Type of Document Dissertation
Author Jensen, Ronald Harry
URN etd-02242003-090009
Persistent URL http://resolver.caltech.edu/CaltechETD:etd-02242003-090009
Title Complexes of silver (I) with nucleic acids
Degree PhD
Option Chemistry
Advisory Committee
Advisor Name Title
Unknown Committee Member
Keywords
  • None
Date of Defense 1964-10-22
Availability unrestricted
Abstract
The equilibrium properties of the Ag (I) complexes of DNA have been studied potentiometrically and spectrophotometrically at ionic strength of 0.1 M (NaC10[subscript 4]) and at pH's from 5.6 to 8.0. There are at least two different complexes which form at low silver ion concentrations. The strength of association of one complex (type I binding) is pH independent. The type I complexing reaction releases no protons from the DNA. A second complex (type II binding) is stronger at high pH. This complexing causes the release of approximately one proton per Ag (I) bound.

DNA which is rich in GC binds Ag (I) more strongly than does AT rich DNA. However, at pH's between 5.6 and 8.0 more protons are released from AT-rich DNA's.

It is proposed that the first complex (type I) involves only GC base pairs, with silver (I) adding to the sigma electrons of a ring nitrogen or interacting with the pi electrons. In the second complex (type II), Ag (I) replaces an N-1 (purine) to N-3 (pyrimidine) hydrogen bond, thus displacing one proton.

The complexing behavior of various polynucleotides, nucleotides and substituted purines was studied, and the DNA complexes are discussed in the light of these results.

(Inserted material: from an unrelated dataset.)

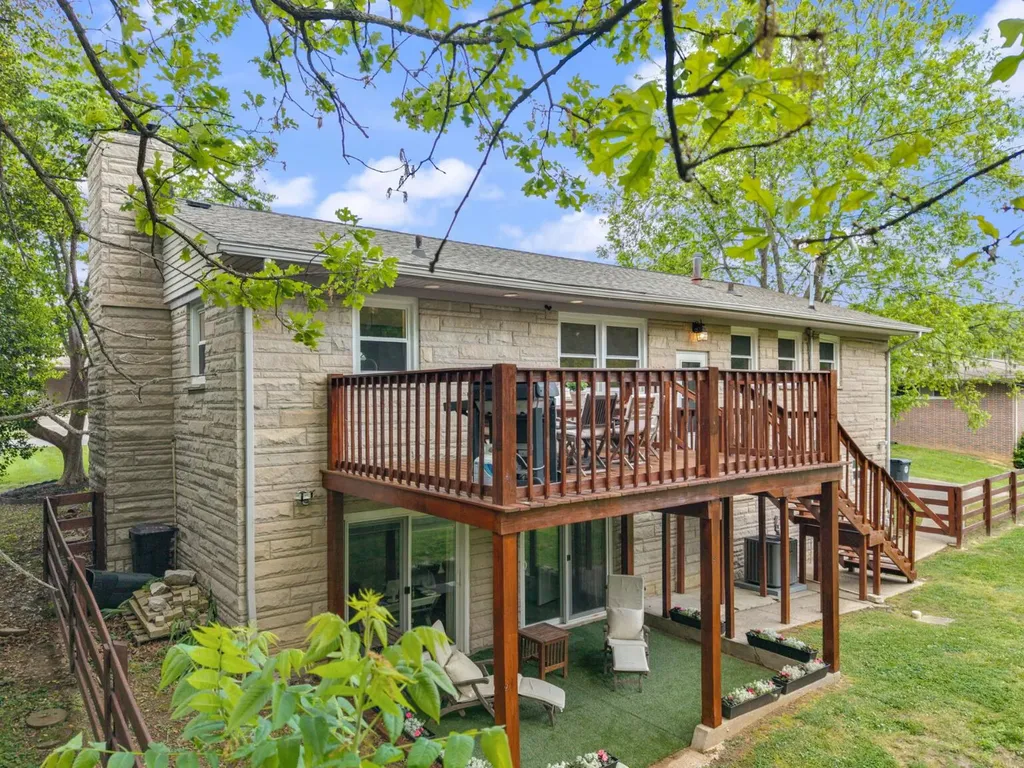 207 Debbie Lane Corbin KY 40701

A cesium sulfate equilibrium density gradient ultracentrifugation technique has been developed in which buoyant density differences between different DNA's are generated by the specific formation of their Ag (I) complexes. When Ag (I) is bound to the extent of one silver ion per DNA base pair, the buoyant density of either native or denatured DNA increases by about .17 g/cc.

Competition experiments in which Ag (I) was added to a mixture of two different DNA's resulted in specific binding of the Ag (I) by one of the DNA species. At equilibrium in the ultracentrifuge two widely separated DNA bands were observed. The buoyant density difference between these bands corresponded to the difference in Ag (I) binding by the two species of DNA.

A survey was done of various useful preparative separations based on this technique. One such preparative separation has been accomplished, and the separated components have been characterized.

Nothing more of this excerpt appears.